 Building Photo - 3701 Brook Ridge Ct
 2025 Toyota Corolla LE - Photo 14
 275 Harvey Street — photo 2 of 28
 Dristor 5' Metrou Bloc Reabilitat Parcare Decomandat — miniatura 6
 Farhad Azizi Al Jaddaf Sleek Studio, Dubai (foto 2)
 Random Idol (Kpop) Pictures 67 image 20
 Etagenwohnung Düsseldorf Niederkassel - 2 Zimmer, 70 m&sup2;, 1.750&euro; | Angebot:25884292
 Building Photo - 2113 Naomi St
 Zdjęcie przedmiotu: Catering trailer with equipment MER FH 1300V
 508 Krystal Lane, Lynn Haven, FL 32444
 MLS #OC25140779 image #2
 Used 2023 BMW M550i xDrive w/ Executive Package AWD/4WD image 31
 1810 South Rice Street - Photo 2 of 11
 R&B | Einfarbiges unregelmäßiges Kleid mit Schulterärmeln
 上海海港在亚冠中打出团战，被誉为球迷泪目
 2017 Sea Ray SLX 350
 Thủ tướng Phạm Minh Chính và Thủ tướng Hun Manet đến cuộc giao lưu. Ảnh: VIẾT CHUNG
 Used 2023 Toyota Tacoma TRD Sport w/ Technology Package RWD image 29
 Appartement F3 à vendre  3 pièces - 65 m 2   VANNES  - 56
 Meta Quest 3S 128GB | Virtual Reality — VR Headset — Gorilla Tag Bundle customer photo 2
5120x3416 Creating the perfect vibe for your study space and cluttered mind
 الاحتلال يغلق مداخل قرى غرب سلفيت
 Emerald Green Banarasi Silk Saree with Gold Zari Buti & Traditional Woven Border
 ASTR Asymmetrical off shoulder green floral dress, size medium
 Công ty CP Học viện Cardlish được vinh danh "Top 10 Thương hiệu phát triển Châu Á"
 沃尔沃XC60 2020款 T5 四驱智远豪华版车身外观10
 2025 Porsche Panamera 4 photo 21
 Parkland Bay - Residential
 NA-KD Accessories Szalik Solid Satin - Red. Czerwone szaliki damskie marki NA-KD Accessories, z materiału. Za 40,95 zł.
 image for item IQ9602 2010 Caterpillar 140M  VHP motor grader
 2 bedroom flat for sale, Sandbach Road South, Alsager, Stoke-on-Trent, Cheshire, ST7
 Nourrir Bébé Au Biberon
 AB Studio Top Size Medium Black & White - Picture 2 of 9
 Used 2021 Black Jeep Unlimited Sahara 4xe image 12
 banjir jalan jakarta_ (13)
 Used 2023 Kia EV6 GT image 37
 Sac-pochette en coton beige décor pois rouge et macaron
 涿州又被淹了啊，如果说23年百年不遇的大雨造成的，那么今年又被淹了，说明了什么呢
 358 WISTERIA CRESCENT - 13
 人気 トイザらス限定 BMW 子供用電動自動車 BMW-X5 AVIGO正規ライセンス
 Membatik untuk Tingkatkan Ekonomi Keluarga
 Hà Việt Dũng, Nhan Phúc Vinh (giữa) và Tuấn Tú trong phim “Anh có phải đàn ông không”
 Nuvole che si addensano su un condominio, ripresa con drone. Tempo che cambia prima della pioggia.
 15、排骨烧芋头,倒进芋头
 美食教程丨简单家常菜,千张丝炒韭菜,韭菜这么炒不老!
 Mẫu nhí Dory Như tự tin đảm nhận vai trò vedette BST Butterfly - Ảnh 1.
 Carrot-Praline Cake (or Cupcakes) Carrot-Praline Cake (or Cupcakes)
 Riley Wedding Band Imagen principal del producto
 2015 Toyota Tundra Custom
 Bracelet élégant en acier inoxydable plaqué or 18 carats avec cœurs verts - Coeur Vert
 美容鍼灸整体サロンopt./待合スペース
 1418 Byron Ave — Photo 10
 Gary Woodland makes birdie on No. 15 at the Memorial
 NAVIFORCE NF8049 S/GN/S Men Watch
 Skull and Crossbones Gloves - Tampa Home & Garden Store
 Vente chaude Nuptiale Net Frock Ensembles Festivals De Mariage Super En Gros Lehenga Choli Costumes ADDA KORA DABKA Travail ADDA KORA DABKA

Task goal
What do the records say? Quote them all exactly.

Answer to the exercise
 Building Photo - 3701 Brook Ridge Ct
 2025 Toyota Corolla LE - Photo 14
 275 Harvey Street — photo 2 of 28
 Dristor 5' Metrou Bloc Reabilitat Parcare Decomandat — miniatura 6
 Farhad Azizi Al Jaddaf Sleek Studio, Dubai (foto 2)
 Random Idol (Kpop) Pictures 67 image 20
 Etagenwohnung Düsseldorf Niederkassel - 2 Zimmer, 70 m&sup2;, 1.750&euro; | Angebot:25884292
 Building Photo - 2113 Naomi St
 Zdjęcie przedmiotu: Catering trailer with equipment MER FH 1300V
 508 Krystal Lane, Lynn Haven, FL 32444
 MLS #OC25140779 image #2
 Used 2023 BMW M550i xDrive w/ Executive Package AWD/4WD image 31
 1810 South Rice Street - Photo 2 of 11
 R&B | Einfarbiges unregelmäßiges Kleid mit Schulterärmeln
 上海海港在亚冠中打出团战，被誉为球迷泪目
 2017 Sea Ray SLX 350
 Thủ tướng Phạm Minh Chính và Thủ tướng Hun Manet đến cuộc giao lưu. Ảnh: VIẾT CHUNG
 Used 2023 Toyota Tacoma TRD Sport w/ Technology Package RWD image 29
 Appartement F3 à vendre  3 pièces - 65 m 2   VANNES  - 56
 Meta Quest 3S 128GB | Virtual Reality — VR Headset — Gorilla Tag Bundle customer photo 2
5120x3416 Creating the perfect vibe for your study space and cluttered mind
 الاحتلال يغلق مداخل قرى غرب سلفيت
 Emerald Green Banarasi Silk Saree with Gold Zari Buti & Traditional Woven Border
 ASTR Asymmetrical off shoulder green floral dress, size medium
 Công ty CP Học viện Cardlish được vinh danh "Top 10 Thương hiệu phát triển Châu Á"
 沃尔沃XC60 2020款 T5 四驱智远豪华版车身外观10
 2025 Porsche Panamera 4 photo 21
 Parkland Bay - Residential
 NA-KD Accessories Szalik Solid Satin - Red. Czerwone szaliki damskie marki NA-KD Accessories, z materiału. Za 40,95 zł.
 image for item IQ9602 2010 Caterpillar 140M  VHP motor grader
 2 bedroom flat for sale, Sandbach Road South, Alsager, Stoke-on-Trent, Cheshire, ST7
 Nourrir Bébé Au Biberon
 AB Studio Top Size Medium Black & White - Picture 2 of 9
 Used 2021 Black Jeep Unlimited Sahara 4xe image 12
 banjir jalan jakarta_ (13)
 Used 2023 Kia EV6 GT image 37
 Sac-pochette en coton beige décor pois rouge et macaron
 涿州又被淹了啊，如果说23年百年不遇的大雨造成的，那么今年又被淹了，说明了什么呢
 358 WISTERIA CRESCENT - 13
 人気 トイザらス限定 BMW 子供用電動自動車 BMW-X5 AVIGO正規ライセンス
 Membatik untuk Tingkatkan Ekonomi Keluarga
 Hà Việt Dũng, Nhan Phúc Vinh (giữa) và Tuấn Tú trong phim “Anh có phải đàn ông không”
 Nuvole che si addensano su un condominio, ripresa con drone. Tempo che cambia prima della pioggia.
 15、排骨烧芋头,倒进芋头
 美食教程丨简单家常菜,千张丝炒韭菜,韭菜这么炒不老!
 Mẫu nhí Dory Như tự tin đảm nhận vai trò vedette BST Butterfly - Ảnh 1.
 Carrot-Praline Cake (or Cupcakes) Carrot-Praline Cake (or Cupcakes)
 Riley Wedding Band Imagen principal del producto
 2015 Toyota Tundra Custom
 Bracelet élégant en acier inoxydable plaqué or 18 carats avec cœurs verts - Coeur Vert
 美容鍼灸整体サロンopt./待合スペース
 1418 Byron Ave — Photo 10
 Gary Woodland makes birdie on No. 15 at the Memorial
 NAVIFORCE NF8049 S/GN/S Men Watch
 Skull and Crossbones Gloves - Tampa Home & Garden Store
 Vente chaude Nuptiale Net Frock Ensembles Festivals De Mariage Super En Gros Lehenga Choli Costumes ADDA KORA DABKA Travail ADDA KORA DABKA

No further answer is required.